I tried to find good medical care for her but was unsuccessful. I wish I had taken her to Raleigh, NC where there is a PPD support group. I think she would have benefited tremendously from the group. 

 

 Tell us about your Walk/Run coming up in September that helps to raise awareness for PPD as well as funds for your organization. How did it get started? 

 Well, that’s a really neat story. One of the sweetest men in the world came to our house one night about five years ago to deliver an oxygen machine to my husband that his doctor had prescribed. While Gary was explaining the operation of the machine to us, we got off on the subject of the Foundation. After hearing Ruth’s story, Gary was in tears and said he wanted to do a fundraiser for us.
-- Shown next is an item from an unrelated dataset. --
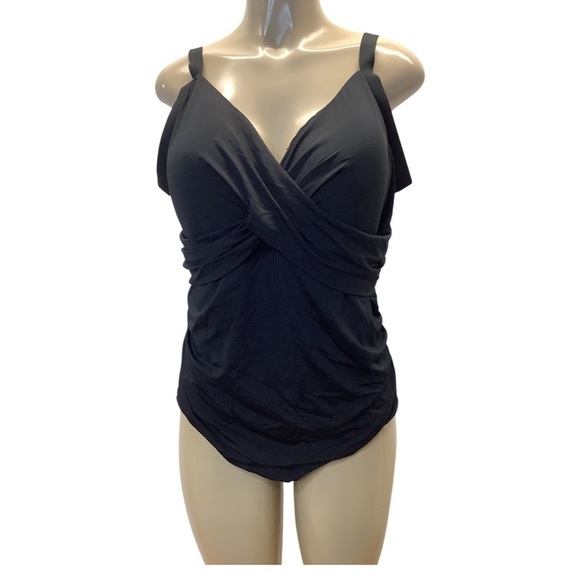 Jantzen One Piece Swimsuit With Adjustable Straps Black Size 22W New With Tags - Picture 7 of 7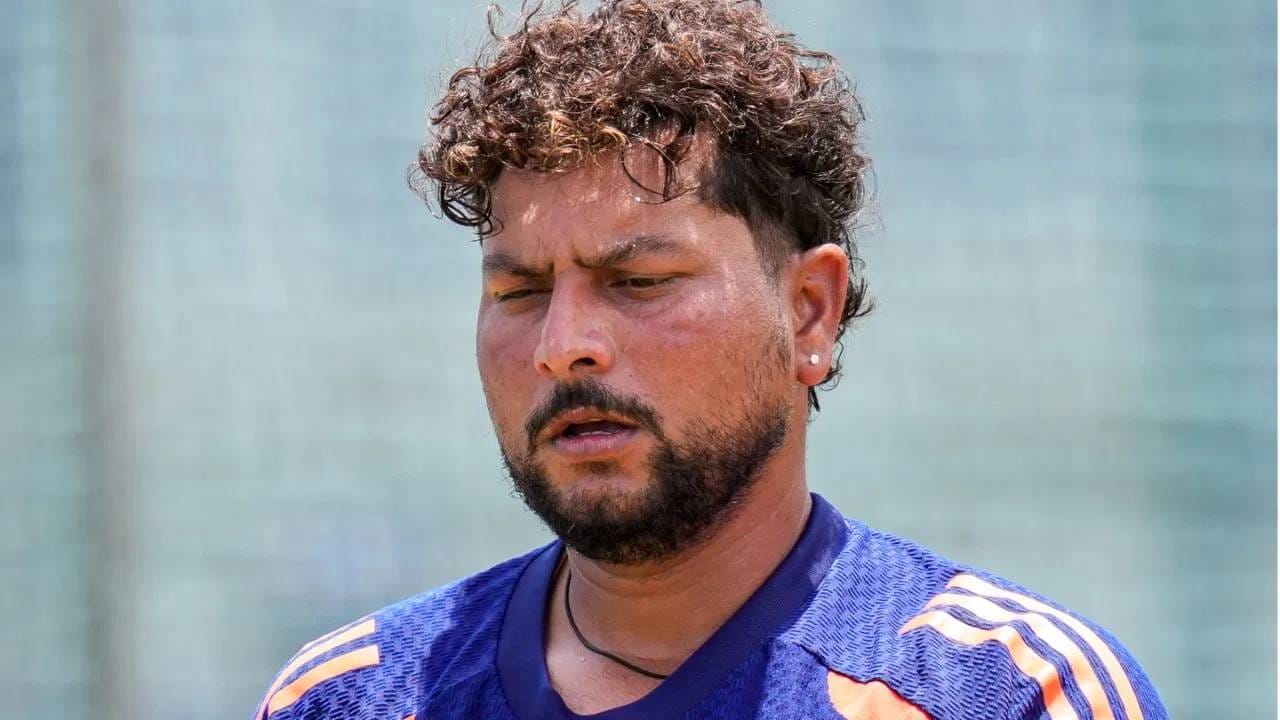 श्रीलंकेविरुद्धच्या पहिल्या कसोटी सामन्यात कुलदीप यादव काही खास करू शकला नाही. दोन्ही डावात मिळून फक्त एकच विकेट मिळाली होती. त्यामुळे दुसर्या कसोटी सामन्यात त्याच्या सारांश जैनला संधी मिळेल का? असा प्रश्न क्रीडाप्रेमींच्या डोक्यात फिरत आहे. (PC-PTI)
THAT was the birth of the PPD Awareness Walk/Run. 

 The Run is held annually at Hampton Park in Charleston, SC. (For more information, please visit our web site at www.ppdsupport.org.) Both runners and walkers are invited to participate. Each year folks from all over our country, who work with PPD issues, travel to Charleston to participate. To me, that’s the most fun part because I get to meet the dedicated, passionate professionals and volunteers (some are PPD survivors) with whom I work throughout the year. 

 

 In your opinion, what should all expectant mothers know about PPD? 

  Postpartum Depression is totally treatable and is a temporary illness. No one needs to die as a result of it.  

  • There is help available. Please reach out for it, and don’t hesitate to change doctors if you feel you are receiving improper treatment or if you are not being heard. Postpartum depression is a valid illness that is equally as serious as bipolar disorder or schizophrenia. Thank God, it is temporary if treated early on and properly

  • Although there are definite risk factors for experiencing PPD, to my knowledge there is no way to know who will experience it and who won’t. That’s why I feel good PPD information should be provided in all birthing classes.

Have a plan in place before symptoms appear – just in case you happen to experience PPD. Some of the things a plan should include are:

  • a psychiatrist who is experienced in treating PPD

  • a night nurse or postpartum doula to take care of the baby at night so the mom can get plenty of sleep at night. This is critical.

  • friends/family members who will help the mom for several weeks (minimum) after she comes home from the hospital 

    

 Any advice for other mothers whose daughters are struggling with a Postpartum Mood Disorder?

 Make sure your daughter finds the best available medical care. Help her understand medication is necessary in most cases, and there is nothing wrong with taking that medication any more than it is to take medication for heart problems, diabetes or a whole host of other physical ailments. PPD is a physical illness that just happens to affect the brain instead of some other “more acceptable” organ in the body. No one deserves or asks for PPD!